The exchange also gives the USFWS rare silver maple floodplain forest and mixed wood habitat that supports migratory birds and waterfowl, including rusty blackbirds, wood ducks, common goldeneyes, and many warbler species, he added. To complete the exchange, USFWS will pay the State of New Hampshire $6,200 in addition to the 233-acre parcel itself. For this, USFWS now has a conservation easement of over 280 acres on both sides of Route 16 in Wentworth’s Location.
The Trust for Public Land (TPL) facilitated the transaction. “We were pleased to help,” said Rodger Krussman, N. H. Director for The Trust for Public Land, in a prepared statement. “We want to protect land for people to enjoy, and this announcement means people who use ATVs will have access to the Seven Island Bridge and the ‘Ride the Wilds’ ATV trail system. It also will maintain high-quality wildlife habitat protection around Lake Umbagog and the Magalloway River.”
The State and the US FWS have been working n this exchange for over a year, each driven by its commitment to its mission.
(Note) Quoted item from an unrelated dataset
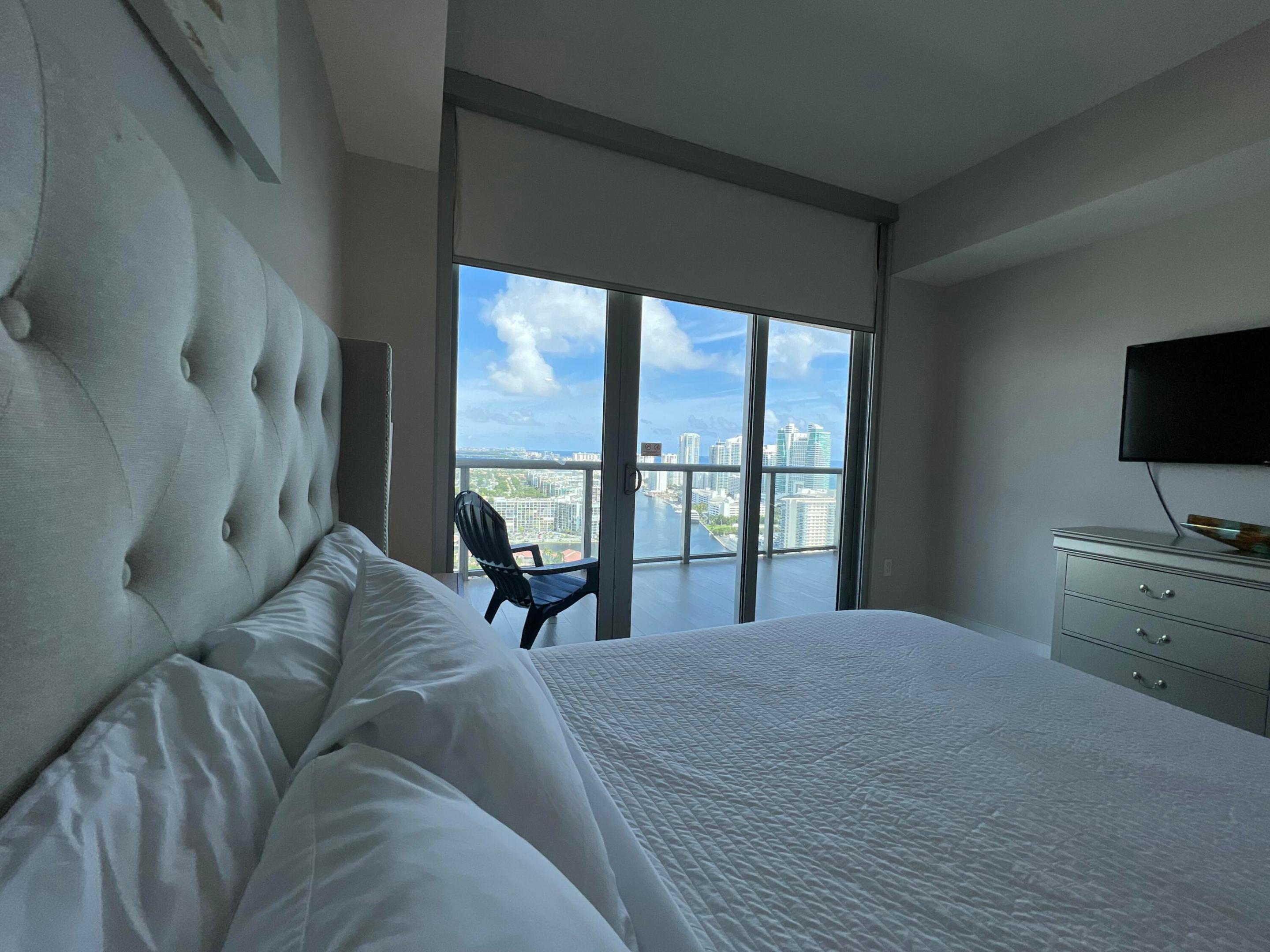 image Beachwalk Condominium3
The Refuge will manage the wildlife habitat of Big Island State Forest consistent with their management of adjacent Refuge lands. The State will establish a new forest with the exchanged Refuge lands that includes a key connection in the ATV and snowmobile trail network.
“Beyond the benefits that this exchange provides to our sporting citizens and guests, the new 233 acre State Forest ensures that the land will remain a working forest providing jobs and forest products,” said Interim Director of the Division of Forests and Lands Brad Simpkins in a prepared statement.
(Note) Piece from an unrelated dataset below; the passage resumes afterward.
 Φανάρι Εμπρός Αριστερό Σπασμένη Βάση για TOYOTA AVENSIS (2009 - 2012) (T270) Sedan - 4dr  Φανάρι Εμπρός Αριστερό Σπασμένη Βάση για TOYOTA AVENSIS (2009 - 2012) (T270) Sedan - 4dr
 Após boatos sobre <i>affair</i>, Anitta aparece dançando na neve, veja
It will be named the Androscoggin River Reservation. He, too, praised the USFWS team for its cooperation and timeliness in moving forward with the exchange.
The Umbagog Nation al Wildlife Refuge, which spans northern New Hampshire and western Maine, was established in 1992 with the primary purposes of protecting wetlands and wetland-associated wildlife as well as migratory birds.
The Trust for Public Land (TPL) founded in 1972, has protected more than three million acres from the inner city to the wilderness and helped generate more than $34 billion in public funds for conservation. Nearly ten million people live within a ten-minute walk of a TPL park, garden, or natural area, and millions more visit these sites every year.